Offering a Glimmer of Hope for Venice, the City’s New Flood Barriers Successfully Prevented a Deluge This Weekend

This weekend marked a watershed moment for Venice—literally—as the city successfully deployed 78 flood barriers at the entrance of the Venetian lagoon and staved off the rising waters of Acqua Alta, the seasonal high tide that causes regular flooding between October and March.

Climate change and global warming have led to an increase in the frequency and severity of the Acqua Alta phenomenon, with the city experiencing its worst flooding in 50 years in 2019. (Despite flooding inside Venice’s regional council in November, the body simultaneously voted against measures to combat climate change.)
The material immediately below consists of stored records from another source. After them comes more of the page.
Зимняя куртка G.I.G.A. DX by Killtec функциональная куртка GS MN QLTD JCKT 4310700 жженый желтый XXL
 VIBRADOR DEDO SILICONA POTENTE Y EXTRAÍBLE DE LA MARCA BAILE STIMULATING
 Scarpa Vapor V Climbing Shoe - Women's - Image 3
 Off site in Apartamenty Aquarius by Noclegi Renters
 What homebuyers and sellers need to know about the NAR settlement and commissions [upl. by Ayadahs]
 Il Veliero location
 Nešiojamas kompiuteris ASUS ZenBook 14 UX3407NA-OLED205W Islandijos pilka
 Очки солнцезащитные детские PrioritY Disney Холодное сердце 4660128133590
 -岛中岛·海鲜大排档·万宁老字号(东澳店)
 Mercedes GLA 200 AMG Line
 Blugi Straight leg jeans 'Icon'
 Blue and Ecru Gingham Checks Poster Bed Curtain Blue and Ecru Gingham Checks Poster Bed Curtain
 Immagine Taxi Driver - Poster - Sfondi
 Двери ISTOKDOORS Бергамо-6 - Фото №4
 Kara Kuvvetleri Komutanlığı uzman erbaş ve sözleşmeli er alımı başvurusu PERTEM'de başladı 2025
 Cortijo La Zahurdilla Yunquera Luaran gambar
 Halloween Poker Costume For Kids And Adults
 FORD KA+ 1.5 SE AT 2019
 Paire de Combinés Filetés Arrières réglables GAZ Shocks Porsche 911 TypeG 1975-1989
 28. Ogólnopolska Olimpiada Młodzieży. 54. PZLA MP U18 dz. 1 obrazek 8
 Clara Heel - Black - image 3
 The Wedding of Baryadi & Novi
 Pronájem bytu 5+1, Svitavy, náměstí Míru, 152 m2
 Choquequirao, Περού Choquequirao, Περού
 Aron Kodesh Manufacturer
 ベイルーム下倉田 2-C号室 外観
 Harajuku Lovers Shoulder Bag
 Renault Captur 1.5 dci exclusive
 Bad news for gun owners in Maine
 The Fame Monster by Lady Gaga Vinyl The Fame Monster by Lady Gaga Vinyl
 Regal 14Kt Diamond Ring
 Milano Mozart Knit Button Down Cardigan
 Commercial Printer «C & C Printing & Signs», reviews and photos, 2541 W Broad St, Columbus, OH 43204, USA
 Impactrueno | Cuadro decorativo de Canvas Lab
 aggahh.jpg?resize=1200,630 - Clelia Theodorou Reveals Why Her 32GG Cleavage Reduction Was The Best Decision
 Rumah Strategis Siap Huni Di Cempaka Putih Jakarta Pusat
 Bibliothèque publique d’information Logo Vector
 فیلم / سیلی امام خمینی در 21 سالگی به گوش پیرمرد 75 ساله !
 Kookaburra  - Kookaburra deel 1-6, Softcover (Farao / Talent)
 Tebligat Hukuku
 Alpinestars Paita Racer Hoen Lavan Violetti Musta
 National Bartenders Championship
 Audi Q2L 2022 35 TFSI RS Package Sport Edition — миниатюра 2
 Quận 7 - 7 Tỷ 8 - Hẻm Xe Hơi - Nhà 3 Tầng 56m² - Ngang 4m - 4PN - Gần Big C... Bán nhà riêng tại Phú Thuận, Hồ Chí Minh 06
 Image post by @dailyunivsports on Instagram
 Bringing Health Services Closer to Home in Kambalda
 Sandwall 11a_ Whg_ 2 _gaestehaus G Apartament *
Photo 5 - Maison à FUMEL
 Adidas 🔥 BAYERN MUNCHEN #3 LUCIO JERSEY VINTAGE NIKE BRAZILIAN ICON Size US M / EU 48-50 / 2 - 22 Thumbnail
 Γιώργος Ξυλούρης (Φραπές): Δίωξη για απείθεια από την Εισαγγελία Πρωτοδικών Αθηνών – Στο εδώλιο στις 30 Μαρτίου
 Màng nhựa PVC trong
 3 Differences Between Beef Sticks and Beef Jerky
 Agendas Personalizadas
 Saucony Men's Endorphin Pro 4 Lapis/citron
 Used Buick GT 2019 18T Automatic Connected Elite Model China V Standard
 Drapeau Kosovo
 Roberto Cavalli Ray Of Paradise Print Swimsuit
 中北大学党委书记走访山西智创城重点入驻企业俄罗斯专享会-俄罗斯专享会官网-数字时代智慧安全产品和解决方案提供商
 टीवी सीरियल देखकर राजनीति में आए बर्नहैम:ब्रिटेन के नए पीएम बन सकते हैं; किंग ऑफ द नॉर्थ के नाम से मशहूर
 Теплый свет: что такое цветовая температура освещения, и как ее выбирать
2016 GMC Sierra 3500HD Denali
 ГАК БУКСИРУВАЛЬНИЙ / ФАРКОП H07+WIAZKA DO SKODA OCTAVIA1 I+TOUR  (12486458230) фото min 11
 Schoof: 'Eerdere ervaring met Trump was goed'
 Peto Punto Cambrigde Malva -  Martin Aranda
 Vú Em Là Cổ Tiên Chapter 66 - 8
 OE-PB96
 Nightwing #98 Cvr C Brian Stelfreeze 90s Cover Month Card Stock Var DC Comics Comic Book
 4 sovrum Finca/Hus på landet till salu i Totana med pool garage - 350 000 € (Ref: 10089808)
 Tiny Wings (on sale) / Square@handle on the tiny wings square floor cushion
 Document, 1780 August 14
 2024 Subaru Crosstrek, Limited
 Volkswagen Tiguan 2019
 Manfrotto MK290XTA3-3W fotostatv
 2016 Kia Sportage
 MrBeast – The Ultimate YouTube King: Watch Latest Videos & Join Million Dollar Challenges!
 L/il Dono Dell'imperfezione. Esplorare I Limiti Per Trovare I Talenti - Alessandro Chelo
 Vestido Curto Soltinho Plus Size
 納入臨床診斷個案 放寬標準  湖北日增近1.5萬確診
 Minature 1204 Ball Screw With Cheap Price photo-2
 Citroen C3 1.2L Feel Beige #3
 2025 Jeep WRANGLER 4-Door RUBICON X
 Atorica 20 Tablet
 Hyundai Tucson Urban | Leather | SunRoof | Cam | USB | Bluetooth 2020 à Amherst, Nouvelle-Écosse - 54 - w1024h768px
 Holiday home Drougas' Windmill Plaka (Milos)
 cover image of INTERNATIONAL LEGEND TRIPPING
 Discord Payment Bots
On Saturday, with the forecast predicting a 53-inch rise in water levels, Venetians were delighted to find just a few puddles in St. Mark’s Square, which normally floods at about a 35-inch increase.

The mobile gates cutting off the lagoon from the Adriatic Sea were built for the MOSE Project (or the Electromagnetic Experimental Module).

The mobile gates of the MOSE Experimental Electromechanical Module that protects the city of Venice from floods, at the Malamocco inlet off Venice's Lido on October 3, 2020 during a high tide

The mobile gates of the MOSE Experimental Electromechanical Module that protects the city of Venice from floods, at the Malamocco inlet off Venice’s Lido on October 3, 2020, during a high tide “Alta Acqua” phenomenon. Photo by Andrea Pattaro/AFP via Getty Images.

The gates were also successfully raised in July, but at low tide during good weather. The success of the MOSE project’s first big test is of crucial importance for the city’s future. In 2016, UNESCO, the United Nations’s cultural preservation branch, warned that Venice was Europe’s most endangered World Heritage site due to rising sea levels.

Many art museums have been forced to devise precautions to prevent rising waters from damaging collections.

It’s a concern that has plagued the lagoon city for decades: Venice first began work on a flood gate project in 1984, finally commencing construction in 2003. Originally set to be completed in 2011, MOSE’s progress has been slowed due to corruption and controversy.

The flood barriers have also proved hugely expensive, with costs projected to reach €7 billion ($9.5 billion) before work reaches completion, hopefully by the end of 2021.

A man walks in flooded St. Mark square in Venice, during

A man walks in flooded St. Mark square in Venice, during “acqua alta” on November 17, 2019. Photo by FILIPPO MONTEFORTE/AFP via Getty Images.

That the barriers have finally been put to use is a source of disbelief for some Venetians. “It doesn’t seem true,” local shop owner Serena Nalon told CNN. “I was very skeptical—not least because they’ve spent so much money, without any result until now, so this morning I had minimal expectations. I was worried when I saw the tide predictions, then somewhere between incredulous and happy when it worked. You appreciate things more when you don’t expect it.”

Though MOSE will come as a relief, floods aren’t yet a thing of the past. Until the project is completed and its operation is turned over to the city, the barriers will only be put into effect when tides surpass 51 inches. That meant that Sunday, just 24 hours after the big test, St. Mark’s was once again under water as water levels rose 41 inches.